■ Assigned task
Replicate the data exactly, every line included.
[[ Recorded data, beginning ]]
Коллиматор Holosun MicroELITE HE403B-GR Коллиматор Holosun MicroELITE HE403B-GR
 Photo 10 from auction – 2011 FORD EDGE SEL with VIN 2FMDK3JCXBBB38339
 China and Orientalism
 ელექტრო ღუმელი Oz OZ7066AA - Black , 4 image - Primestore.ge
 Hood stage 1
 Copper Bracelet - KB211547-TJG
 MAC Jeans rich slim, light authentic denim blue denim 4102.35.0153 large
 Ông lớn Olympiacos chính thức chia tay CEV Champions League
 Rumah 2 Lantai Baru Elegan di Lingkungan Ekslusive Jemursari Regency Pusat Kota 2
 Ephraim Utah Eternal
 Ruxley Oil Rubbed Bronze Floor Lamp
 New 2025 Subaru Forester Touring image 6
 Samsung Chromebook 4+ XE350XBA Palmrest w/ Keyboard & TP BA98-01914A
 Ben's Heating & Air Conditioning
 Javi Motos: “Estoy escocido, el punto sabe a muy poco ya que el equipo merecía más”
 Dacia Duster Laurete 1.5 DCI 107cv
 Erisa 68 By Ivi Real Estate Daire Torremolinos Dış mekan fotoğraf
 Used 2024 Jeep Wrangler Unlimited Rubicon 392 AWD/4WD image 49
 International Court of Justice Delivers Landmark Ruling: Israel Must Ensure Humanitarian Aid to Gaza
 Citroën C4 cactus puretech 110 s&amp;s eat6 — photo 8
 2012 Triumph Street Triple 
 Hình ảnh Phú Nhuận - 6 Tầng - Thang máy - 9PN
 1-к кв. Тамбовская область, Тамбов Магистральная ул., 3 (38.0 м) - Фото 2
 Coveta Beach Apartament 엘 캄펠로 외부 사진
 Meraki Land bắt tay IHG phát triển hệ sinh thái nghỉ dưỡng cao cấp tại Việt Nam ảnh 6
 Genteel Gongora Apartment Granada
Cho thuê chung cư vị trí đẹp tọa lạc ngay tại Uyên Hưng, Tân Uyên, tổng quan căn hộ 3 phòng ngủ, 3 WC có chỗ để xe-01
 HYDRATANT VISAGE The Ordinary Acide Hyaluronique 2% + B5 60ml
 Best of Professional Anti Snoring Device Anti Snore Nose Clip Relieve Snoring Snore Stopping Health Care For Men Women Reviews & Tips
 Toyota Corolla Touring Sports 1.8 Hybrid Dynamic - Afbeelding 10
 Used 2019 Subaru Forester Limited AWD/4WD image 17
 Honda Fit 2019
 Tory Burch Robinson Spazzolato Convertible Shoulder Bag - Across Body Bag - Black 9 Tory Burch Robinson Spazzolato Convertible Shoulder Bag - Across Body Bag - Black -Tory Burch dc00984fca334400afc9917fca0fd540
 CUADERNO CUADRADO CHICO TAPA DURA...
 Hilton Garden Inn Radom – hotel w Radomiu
[[ Recorded data, end ]]
■ Solution
Коллиматор Holosun MicroELITE HE403B-GR Коллиматор Holosun MicroELITE HE403B-GR
 Photo 10 from auction – 2011 FORD EDGE SEL with VIN 2FMDK3JCXBBB38339
 China and Orientalism
 ელექტრო ღუმელი Oz OZ7066AA - Black , 4 image - Primestore.ge
 Hood stage 1
 Copper Bracelet - KB211547-TJG
 MAC Jeans rich slim, light authentic denim blue denim 4102.35.0153 large
 Ông lớn Olympiacos chính thức chia tay CEV Champions League
 Rumah 2 Lantai Baru Elegan di Lingkungan Ekslusive Jemursari Regency Pusat Kota 2
 Ephraim Utah Eternal
 Ruxley Oil Rubbed Bronze Floor Lamp
 New 2025 Subaru Forester Touring image 6
 Samsung Chromebook 4+ XE350XBA Palmrest w/ Keyboard & TP BA98-01914A
 Ben's Heating & Air Conditioning
 Javi Motos: “Estoy escocido, el punto sabe a muy poco ya que el equipo merecía más”
 Dacia Duster Laurete 1.5 DCI 107cv
 Erisa 68 By Ivi Real Estate Daire Torremolinos Dış mekan fotoğraf
 Used 2024 Jeep Wrangler Unlimited Rubicon 392 AWD/4WD image 49
 International Court of Justice Delivers Landmark Ruling: Israel Must Ensure Humanitarian Aid to Gaza
 Citroën C4 cactus puretech 110 s&amp;s eat6 — photo 8
 2012 Triumph Street Triple 
 Hình ảnh Phú Nhuận - 6 Tầng - Thang máy - 9PN
 1-к кв. Тамбовская область, Тамбов Магистральная ул., 3 (38.0 м) - Фото 2
 Coveta Beach Apartament 엘 캄펠로 외부 사진
 Meraki Land bắt tay IHG phát triển hệ sinh thái nghỉ dưỡng cao cấp tại Việt Nam ảnh 6
 Genteel Gongora Apartment Granada
Cho thuê chung cư vị trí đẹp tọa lạc ngay tại Uyên Hưng, Tân Uyên, tổng quan căn hộ 3 phòng ngủ, 3 WC có chỗ để xe-01
 HYDRATANT VISAGE The Ordinary Acide Hyaluronique 2% + B5 60ml
 Best of Professional Anti Snoring Device Anti Snore Nose Clip Relieve Snoring Snore Stopping Health Care For Men Women Reviews & Tips
 Toyota Corolla Touring Sports 1.8 Hybrid Dynamic - Afbeelding 10
 Used 2019 Subaru Forester Limited AWD/4WD image 17
 Honda Fit 2019
 Tory Burch Robinson Spazzolato Convertible Shoulder Bag - Across Body Bag - Black 9 Tory Burch Robinson Spazzolato Convertible Shoulder Bag - Across Body Bag - Black -Tory Burch dc00984fca334400afc9917fca0fd540
 CUADERNO CUADRADO CHICO TAPA DURA...
 Hilton Garden Inn Radom – hotel w Radomiu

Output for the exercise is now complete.